12.10.04, Tollerton, Wills and Will-Making in Anglo-Saxon England


A study of the corpus of Anglo-Saxon wills, especially in their social and cultural contexts is long overdue, which makes Wills and Will Making in Anglo-Saxon England by Linda Tollerton all the more welcome. There have been earlier treatments of the corpus, by legal historians and those of manuscript culture, notably those, respectively, of Sheehan and Lowe, as well as Dorothy Whitelock's edition and translation of a majority, but not all, of the surviving wills. However, the former were concerned with technical issues--the will as a legal instrument, for instance, or the transmission of texts across time--while Whitelock's edition was first published over seventy years ago. Much water has flowed under the historical bridge since then.

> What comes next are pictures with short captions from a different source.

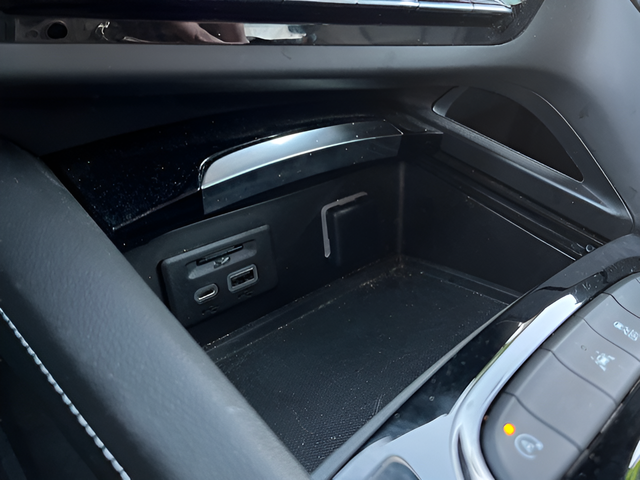 2022 Buick Envision FWD Essence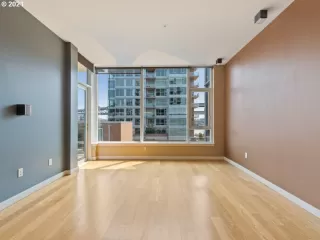 Photo #2: 21555283 Listing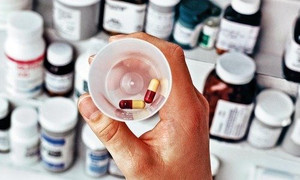 Loại thuốc kháng sinh mới được mệnh danh 'con ngựa thành Troia'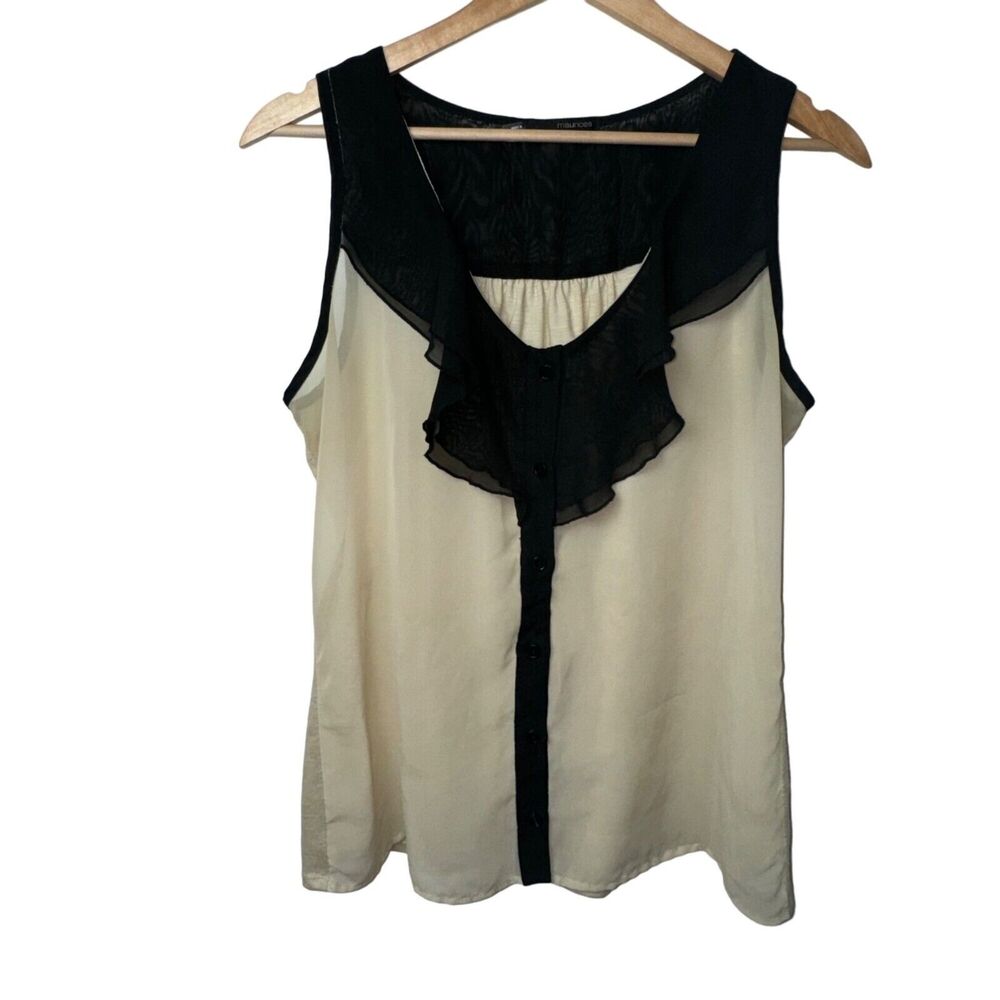 Maurices Medium Cream & Black Button Up Sleeveless Top
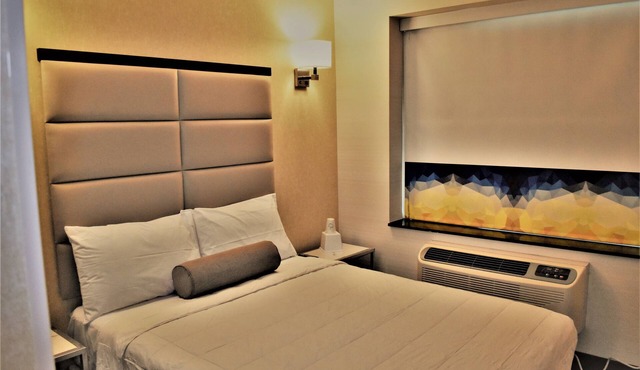 7 Days Hotel Bronx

In the present volume, Tollerton is concerned to place the wills primarily in their socio-political context; the book is divided into six chapters, respectively dealing with the nature of the evidence; the process of will making; politics, power and the bequest of land; lay bequest of land; the bequest of movable wealth and finally the relationship between the wills, commemoration and lay piety. The volume is completed with some extremely useful appendices, listing the corpus of wills; the evidence for will-making in the Liber Elienisis and the Chronicon Abbatiae Rameseiensis (texts which feature large in Tollerton's work); bequests of movable wealth; churches mentioned in wills and finally a brief note on the late Patrick Wormald's unpublished material relating to wills.

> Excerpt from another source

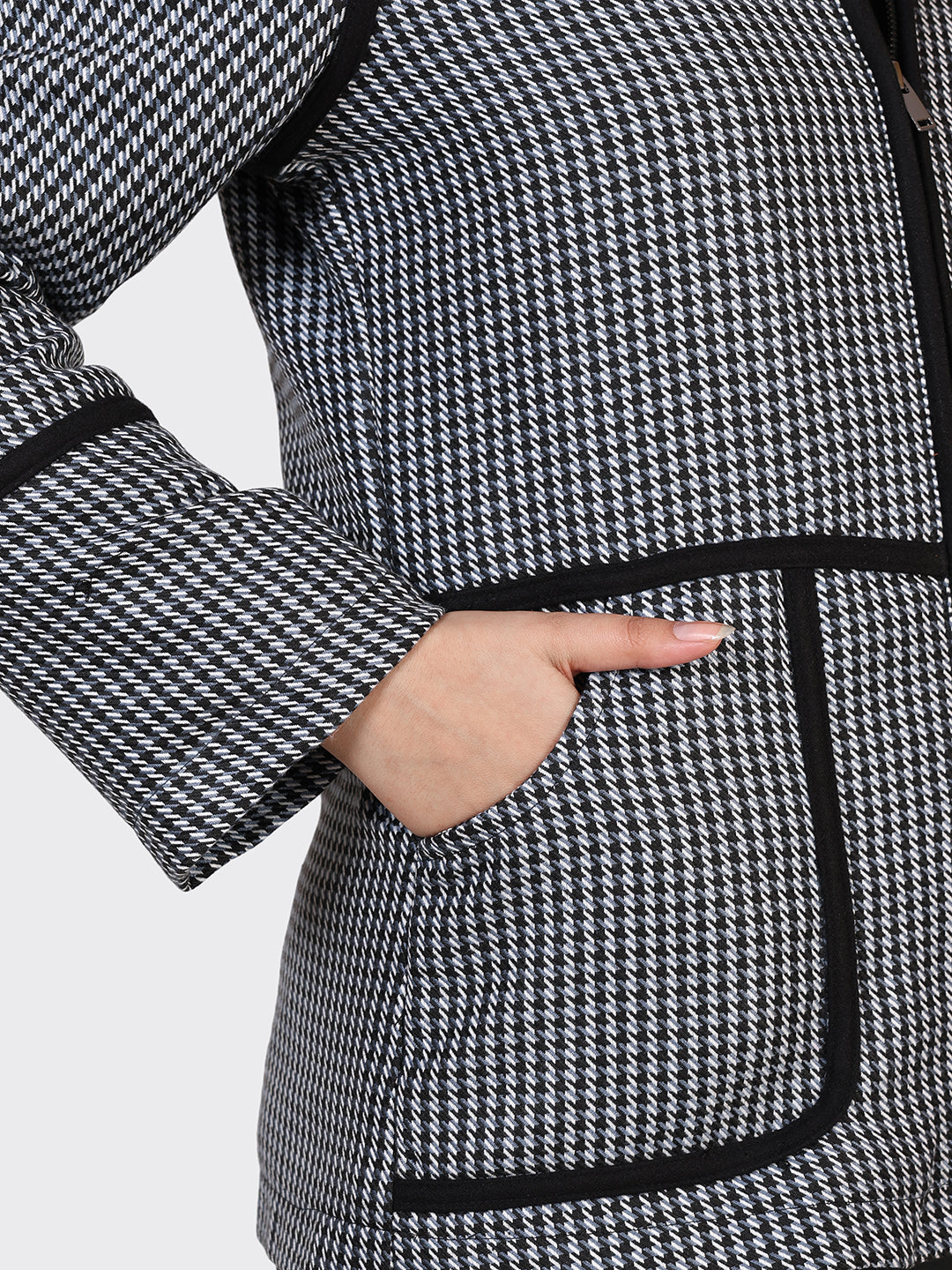 LADIES WOOLLEN JACKET-CROSS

The chapters themselves approach the Anglo-Saxon will on a broad front. Chapter two, in particular, is of great interest since it looks at the processes behind the making of wills, rather than the text themselves. Here Tollerton explores a world of intersecting social networks, lay and ecclesiastical, as well as an increasingly (during the tenth century) hegemonic monastic church. We also get a discussion of the various stages in the production of the will, whether a single item or multi-item bequest; from the disposition made in advance of mortal illness, the deathbed bequest, and the processes of contestation and confirmation that often followed the death of the testator. Crucially, Tollerton allows us to see the will in a dynamic framework, rather than simply as a documentary snapshot; while wills did not seem to have the evidential force of a solemn diploma, for instance, they seem to have spoken to future audiences, as well as present. Inevitably, perhaps, there is a Fenland character to this chapter, since it is the material produced during the 11th and 12th centuries in the great Fenland houses of Ramsey and Ely, whether the Liber Elienisis or the Chronicon Abbatiae Rameseiensis that provides the bulk of the narratives concerning processes, rather than the texts themselves. The refoundation of these abbeys as part of the Aethelwoldian familia may have created very specific circumstances concerning commemoration and bequest in this part of eastern England during the later tenth and eleventh centuries, but even so they provide a window into a lively and competitive local society, one in which testamentary disposition loomed large.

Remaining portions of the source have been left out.